What the task requires: Output the listing exactly as written, apart from its pictures.

Available data:
□ □ □ □ □ □ □

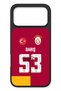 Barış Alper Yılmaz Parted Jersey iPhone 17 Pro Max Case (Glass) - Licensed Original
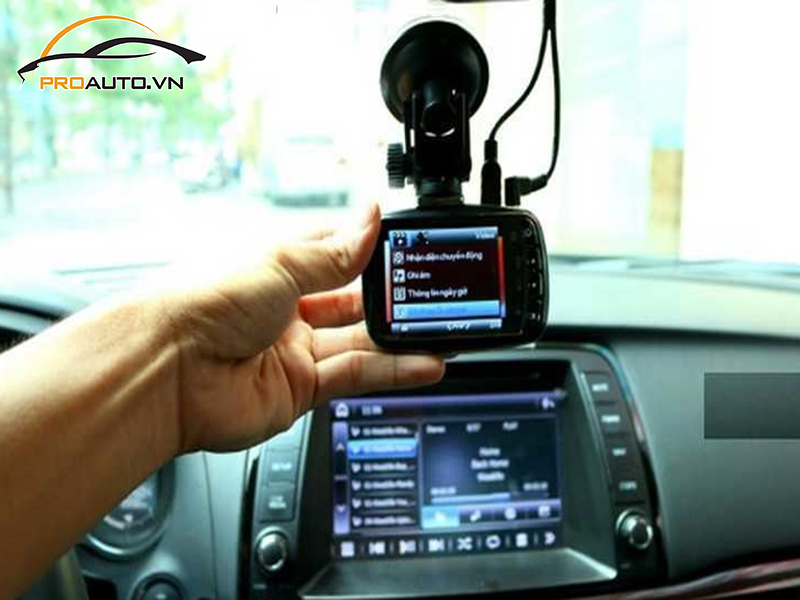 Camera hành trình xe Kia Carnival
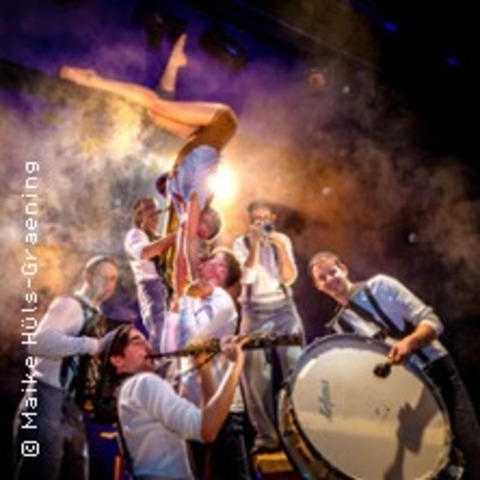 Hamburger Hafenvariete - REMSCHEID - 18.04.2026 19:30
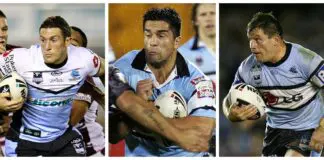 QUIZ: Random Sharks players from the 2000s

□ □ □ □ □ □ □

Response area:
 Barış Alper Yılmaz Parted Jersey iPhone 17 Pro Max Case (Glass) - Licensed Original
 Camera hành trình xe Kia Carnival
 Hamburger Hafenvariete - REMSCHEID - 18.04.2026 19:30
 QUIZ: Random Sharks players from the 2000s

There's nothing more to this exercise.